(DATASET EXTRACT)
══════════════════════════════

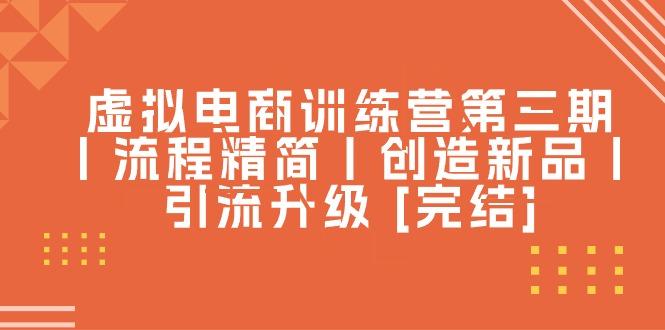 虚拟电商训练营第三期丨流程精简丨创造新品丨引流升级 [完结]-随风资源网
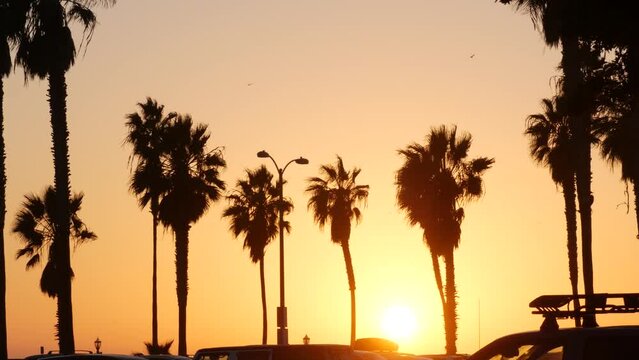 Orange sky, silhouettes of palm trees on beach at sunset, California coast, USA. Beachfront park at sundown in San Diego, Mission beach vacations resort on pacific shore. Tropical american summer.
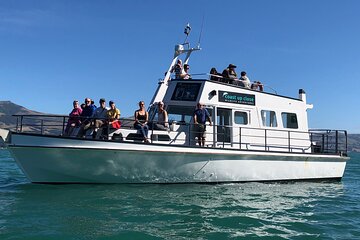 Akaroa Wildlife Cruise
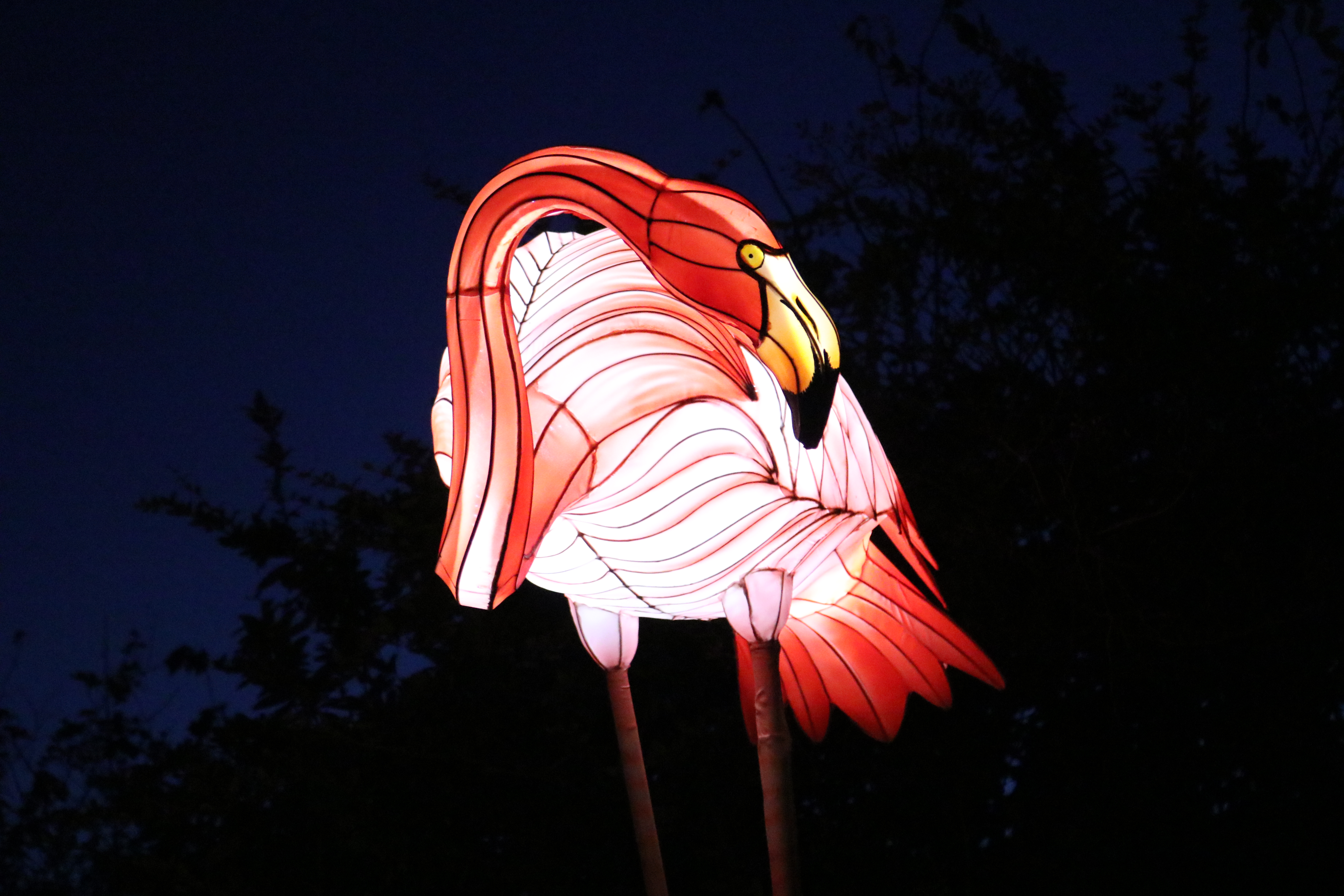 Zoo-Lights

══════════════════════════════

Every line above needs to be written out again as it stands. Pictures do not belong in the copy.

 虚拟电商训练营第三期丨流程精简丨创造新品丨引流升级 [完结]-随风资源网
 Orange sky, silhouettes of palm trees on beach at sunset, California coast, USA. Beachfront park at sundown in San Diego, Mission beach vacations resort on pacific shore. Tropical american summer.
 Akaroa Wildlife Cruise
 Zoo-Lights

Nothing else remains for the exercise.